Bug 658491

Summary: For Oracle several call-time metrics received in one batch are assigned to the first resource in the batch
Product: [Other] RHQ Project Reporter: Pavel Kiryukhin <realset>
Component: Core ServerAssignee: Heiko W. Rupp <hrupp>
Status: CLOSED CURRENTRELEASE QA Contact: Mike Foley <mfoley>
Severity: high Docs Contact:
Priority: low    
Version: 3.0.0CC: ccrouch, jsanda, mazz
Target Milestone: ---   
Target Release: ---   
Hardware: All   
OS: Windows   
See Also: https://bugzilla.redhat.com/show_bug.cgi?id=570360
Whiteboard:
Fixed In Version: Doc Type: Bug Fix
Doc Text:
Story Points: ---
Clone Of:
: 663987 (view as bug list) Environment:
Last Closed: 2013-09-02 03:18:10 EDT Type: ---
Regression: --- Mount Type: ---
Documentation: --- CRM:
Verified Versions: Category: ---
oVirt Team: --- RHEL 7.3 requirements from Atomic Host:
Cloudforms Team: ---
Bug Depends On:    
Bug Blocks: 678340    

Description Pavel Kiryukhin 2010-11-30 09:30:57 EST
Description of problem:
For Oracle 11g. Several call-time metrics received in one batch are assigned to the first resource in the batch.

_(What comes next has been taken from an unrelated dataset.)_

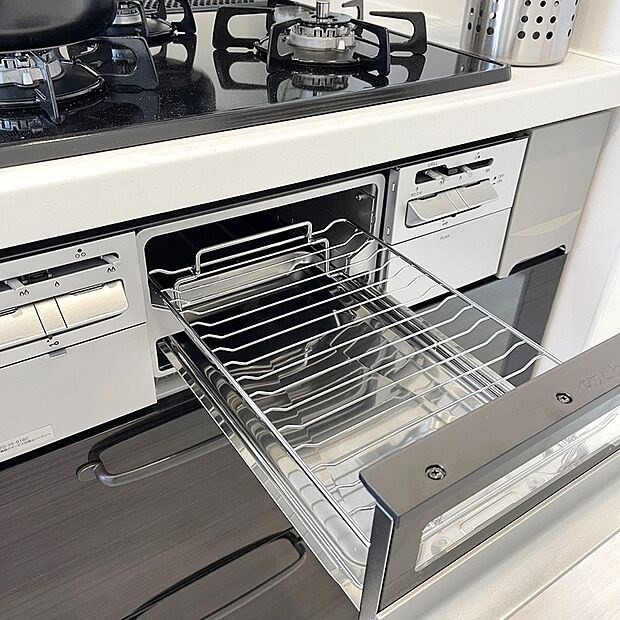 【【グリル】】◆フライパンで焼くことの多い肉料理を代わりにグリルを使えば、油をひく必要もなく、余分な脂も落として焼けるため、フライパンを使った時よりも多く油脂分をカットできます!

Version-Release number of selected component (if applicable):
Reproduced on 3.0.0 but as I could see from the source should be appliciable for 4.0.0 also.

How reproducible:
Server should receive a batch of call-time metrics from different resources at the same time. 

Steps to Reproduce:
1.Turn on call-time metric collection for different resources. For example 	"Method Invocation Time" for RHQ Server EJB3 session beans. Or use any other resources wich emit call-time metrics
2. Wait for collection
3. Check actual response times at Monitor-Response tab.
  
Actual results:
For some resources not all responses are shown. For other resources some extra responses are shown.

Expected results:
Each response is displayed on Response tab for apropriate resource.

Additional info:
Reproduced with "Oracle Database 11g Enterprise Edition Release 11.1.0.6.0 - 64bit Production" and the latest 10 and 11 Oracle JDBC drivers.
The actual problem is with batch insert queries.
Queries for INSERT INTO RHQ_CALLTIME_DATA_VALUE and RHQ_CALLTIME_DATA_VALUE tables have some subqueries with parameters. These parameters doesn't change and have the same values (values of the first record) for whole batch.
Actualy I think it's Oracle bug. But it's very important for RHQ.
I would sugest not to perform batch insert in Oracle at all to avoid this situation.
Comment 2 Heiko W. Rupp 2010-12-14 04:57:52 EST
Pavel,
to get this right: you have e.g. 2 resources with 1 call time schedule each and the data and if they are transmitted in one batch, data for both ends up at e.g. the first resource?
  Heiko
Comment 3 Pavel Kiryukhin 2010-12-14 05:20:26 EST
Heiko,
You understand that right. Both call-time records are displayed on Response time of the first resource (the first in order of the received batch).
Comment 4 Heiko W. Rupp 2010-12-14 07:56:25 EST
Pavel,
I've written a test ( http://git.fedorahosted.org/git/?p=rhq/rhq.git;a=blob;f=modules/enterprise/server/jar/src/test/java/org/rhq/enterprise/server/measurement/test/MeasurementDataManagerTest.java ) to test this from the insert side - do you have a chance to run this in your env?
This works for me  on Postgres, but as you reported the issue on Oracle, it does not prove anything. I will also try to run it against one of our Oracle instances.

Thanks
    Heiko
Comment 5 Pavel Kiryukhin 2010-12-14 08:19:22 EST
Heiko,
As I could see this test should reproduce the problem.
I could try this on my Oracle instance, but I have no expirience running rhq tests. If you could give me guidelines how to run it, and set it up with particular database backend, I would try.
Comment 6 Heiko W. Rupp 2010-12-14 08:33:06 EST
Pavel,
great that the test seems to do what it should.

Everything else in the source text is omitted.